• **EXERCISE DESCRIPTION**
Below are some records. Return exactly the lines from the one containing "A winding road" through the one containing "A middle-aged man", both included, and only those.

• **GIVEN DATA**

[Start of section]

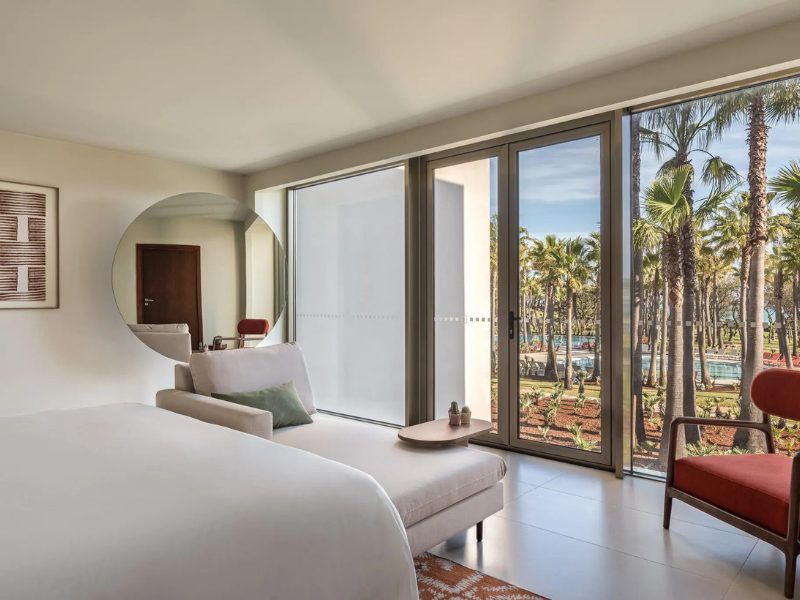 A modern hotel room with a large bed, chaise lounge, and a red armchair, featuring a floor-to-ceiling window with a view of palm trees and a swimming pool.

[End of section]
[Start of section]

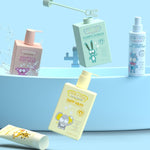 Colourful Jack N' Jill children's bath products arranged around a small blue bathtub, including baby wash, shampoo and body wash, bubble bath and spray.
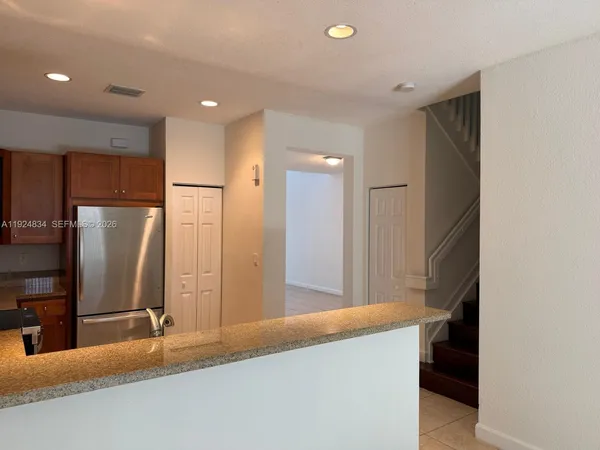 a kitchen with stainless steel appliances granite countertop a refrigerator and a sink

[End of section]
[Start of section]

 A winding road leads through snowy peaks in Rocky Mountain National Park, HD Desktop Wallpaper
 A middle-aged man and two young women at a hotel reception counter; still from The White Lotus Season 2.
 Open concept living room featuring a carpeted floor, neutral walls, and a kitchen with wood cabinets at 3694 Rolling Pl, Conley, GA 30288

[End of section]

• **ANSWER FOR THE TASK**
 A winding road leads through snowy peaks in Rocky Mountain National Park, HD Desktop Wallpaper
 A middle-aged man and two young women at a hotel reception counter; still from The White Lotus Season 2.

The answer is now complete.